Ann and Rica’s Excellent Adventure

We’re expecting a bit of snow tonight (a dusting, really), and temperatures are set to drop, so I decided to go out for my annual foray on a nearby moss bluff—several tiers of bluff, actually—where I usually find a few of my Cortinarius dyers. This is part of the “arbutus belt,” a narrow area at a consistent elevation where the conditions are right for the arbutus tree (Arbutus menziesii, also known as madrone). Arbutus wood is iron-hard, and it sheds its paper-like bark each year. These trees resist domestication and are quite picky about where they’ll take root, so I consider myself fortunate to be living among them.

Arbutus bluff

Knowing this hike would involve a bit of a climb, I left Silas, our 12-year-old Golden, behind, as it would have been too much for him. Instead, I invited Rica, our Border Collie mutt, to join me—nothing is too much for her!

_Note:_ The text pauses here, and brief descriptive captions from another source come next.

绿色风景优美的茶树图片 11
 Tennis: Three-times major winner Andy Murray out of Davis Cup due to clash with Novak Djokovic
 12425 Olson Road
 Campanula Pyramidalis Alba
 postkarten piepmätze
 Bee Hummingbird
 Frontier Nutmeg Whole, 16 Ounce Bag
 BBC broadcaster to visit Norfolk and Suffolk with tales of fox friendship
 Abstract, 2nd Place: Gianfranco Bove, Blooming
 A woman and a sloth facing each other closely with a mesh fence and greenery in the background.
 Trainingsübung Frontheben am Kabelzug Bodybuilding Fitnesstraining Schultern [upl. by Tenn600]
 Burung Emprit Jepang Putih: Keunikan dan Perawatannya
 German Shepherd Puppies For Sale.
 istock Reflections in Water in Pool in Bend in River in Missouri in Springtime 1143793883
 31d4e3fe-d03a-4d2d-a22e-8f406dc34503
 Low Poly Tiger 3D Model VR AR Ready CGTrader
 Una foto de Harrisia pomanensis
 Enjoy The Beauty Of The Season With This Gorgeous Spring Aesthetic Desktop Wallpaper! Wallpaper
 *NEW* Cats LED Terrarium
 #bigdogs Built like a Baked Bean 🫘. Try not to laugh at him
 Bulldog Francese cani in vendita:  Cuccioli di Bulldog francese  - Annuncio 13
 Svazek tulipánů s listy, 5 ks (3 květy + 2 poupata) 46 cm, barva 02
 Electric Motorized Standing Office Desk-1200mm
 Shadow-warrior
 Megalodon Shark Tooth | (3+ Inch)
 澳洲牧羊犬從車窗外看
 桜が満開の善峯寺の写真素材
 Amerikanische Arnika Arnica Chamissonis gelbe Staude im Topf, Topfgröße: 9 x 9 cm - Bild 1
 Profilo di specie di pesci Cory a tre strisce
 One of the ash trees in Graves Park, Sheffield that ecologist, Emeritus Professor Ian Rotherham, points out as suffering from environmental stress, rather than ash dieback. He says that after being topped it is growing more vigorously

I could hear the dermocybes calling, and sure enough, it wasn’t long before I found these little guys camouflaged among the dried leaves.

Cortinarius smithii

We clambered over moss-covered rocks, sweeping back and forth across the bluffs, and soon my little brown paper bag was full, of both the yellow-gilled and red-gilled beauties, and I had to start on another bag.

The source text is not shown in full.